Its hardness is very superior to that of common carbonate of lime, being such as to scratch very easily the fluate of lime; and, when rubbed with force upon glass, it takes off the polish of its surface, and sometimes leaves scratches upon it.
Its specific gravity, I found to be 2912.
This substance, of which I have since had an opportunity of observing a great number of specimens, I have always found to be without colour; and its crystals are very often perfectly transparent.
When powdered, and thrown upon a piece of iron heated nearly to redness, in a place that is perfectly dark, it occasions a very weak phosphorescent white light; this light is only sufficient to mark the place where the powder is thrown.

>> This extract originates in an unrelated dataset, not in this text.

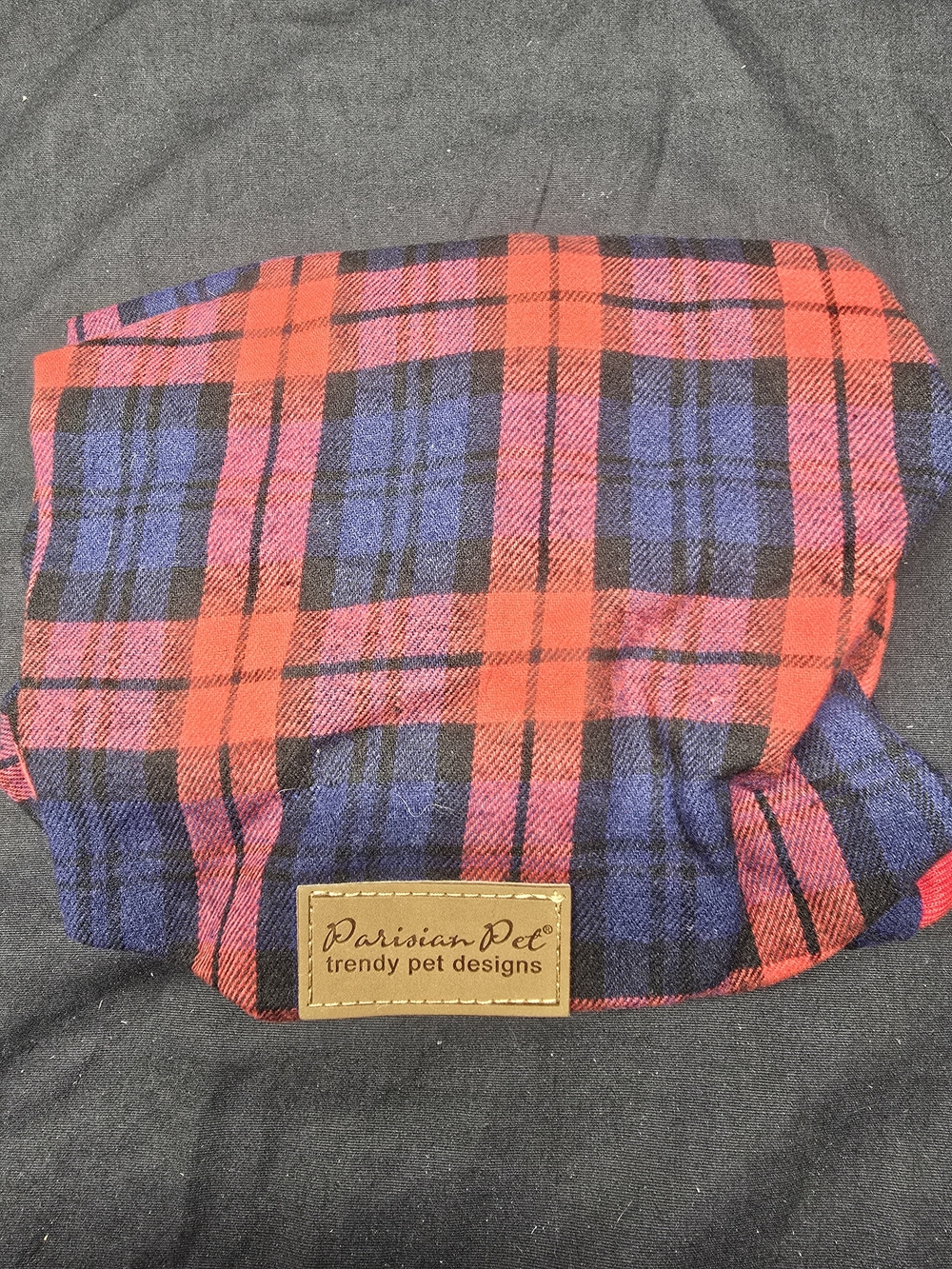 Parisian Pet Dog "Scottish Pajama" in Red/Blue Plaid, Size XL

Its lustre is much greater than that of common carbonate of lime.
When put into nitric acid, a violent effervescence is produced; and it is very quickly dissolved, without leaving the smallest residuum.
Although this substance strongly resists any effort made to divide it by splitting, yet it shows a tendency to admit of being divided more easily in two directions, which would produce a rhomboidal tetraedral prism. I succeeded indeed, at last, though with great difficulty, and after many fruitless attempts, in procuring from it a perfect rhomboidal tetraedral prism, the angles
of which measured $128^\circ$ and $52^\circ$. (See Plate VI. Fig. 1.) I found it, however, impossible to obtain any smooth and even fractures on the terminal faces of this prism.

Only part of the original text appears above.